Hey RR, I’m in need of a “Reality Check”…
I just found out my friend’s husband is having an affair. I don’t think she knows. What do I do?
Loyal Friend, Chicago
I am so sorry that you are in this situation. It’s very painful all around.
With that said, while loyalty is always important between friends, being the messenger of this kind of information does not make you a true loyalist. What it does is put you between a rock and a hard place morally. While vomiting the truth clears your conscience, it will cause horrible pain for your friend and likely cause the demise of your friendship.
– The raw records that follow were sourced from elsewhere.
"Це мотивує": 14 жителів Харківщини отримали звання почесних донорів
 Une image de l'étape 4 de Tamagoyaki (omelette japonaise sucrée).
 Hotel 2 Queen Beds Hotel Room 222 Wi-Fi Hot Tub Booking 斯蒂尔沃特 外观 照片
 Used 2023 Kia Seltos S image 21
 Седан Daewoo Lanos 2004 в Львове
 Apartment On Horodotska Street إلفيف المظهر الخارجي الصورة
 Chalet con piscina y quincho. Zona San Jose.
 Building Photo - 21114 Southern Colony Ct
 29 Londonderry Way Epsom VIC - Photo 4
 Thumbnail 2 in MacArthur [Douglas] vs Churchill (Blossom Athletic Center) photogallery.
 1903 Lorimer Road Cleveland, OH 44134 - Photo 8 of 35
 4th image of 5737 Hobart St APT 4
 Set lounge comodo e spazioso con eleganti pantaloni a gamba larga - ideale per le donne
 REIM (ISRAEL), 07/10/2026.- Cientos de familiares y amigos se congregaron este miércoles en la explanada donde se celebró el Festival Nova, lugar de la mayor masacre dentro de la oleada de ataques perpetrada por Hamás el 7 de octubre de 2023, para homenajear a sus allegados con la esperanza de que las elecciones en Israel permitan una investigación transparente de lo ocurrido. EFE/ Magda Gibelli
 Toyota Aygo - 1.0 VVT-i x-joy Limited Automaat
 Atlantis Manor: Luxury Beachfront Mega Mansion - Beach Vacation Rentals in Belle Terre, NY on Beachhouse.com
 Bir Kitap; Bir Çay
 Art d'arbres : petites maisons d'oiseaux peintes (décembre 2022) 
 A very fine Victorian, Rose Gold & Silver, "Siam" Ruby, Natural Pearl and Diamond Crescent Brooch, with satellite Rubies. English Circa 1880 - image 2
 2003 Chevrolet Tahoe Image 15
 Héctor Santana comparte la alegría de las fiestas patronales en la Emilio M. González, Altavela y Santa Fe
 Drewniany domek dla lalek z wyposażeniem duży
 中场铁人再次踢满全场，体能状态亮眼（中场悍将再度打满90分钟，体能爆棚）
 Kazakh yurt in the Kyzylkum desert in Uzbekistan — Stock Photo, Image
A marriage is between two people, therefore a third party is not welcomed. Even though people always say that they would want to know, the reality is that over 90% of people stay in their marriages even after they find out about infidelity. Worse yet, they drop the friend who told them because of the embarrassment and humiliation of staying. Sometimes there are higher values at stake that you (an outsider in the marriage) don’t know about; as well as other needs being met and alternative priorities that she/he have discreetly chosen. Even if you go against better judgment by telling your friend, most likely she will defend “her” guy like a mama bear with her cubs.
Best advice- don’t get involved. Chances are that if he’s cheating, she already knows there are marital problems, and will most likely find out on her own in time. And when she does find out, if she chooses to share, that will be your opportunity to be a truly loyal friend. Hope this helps!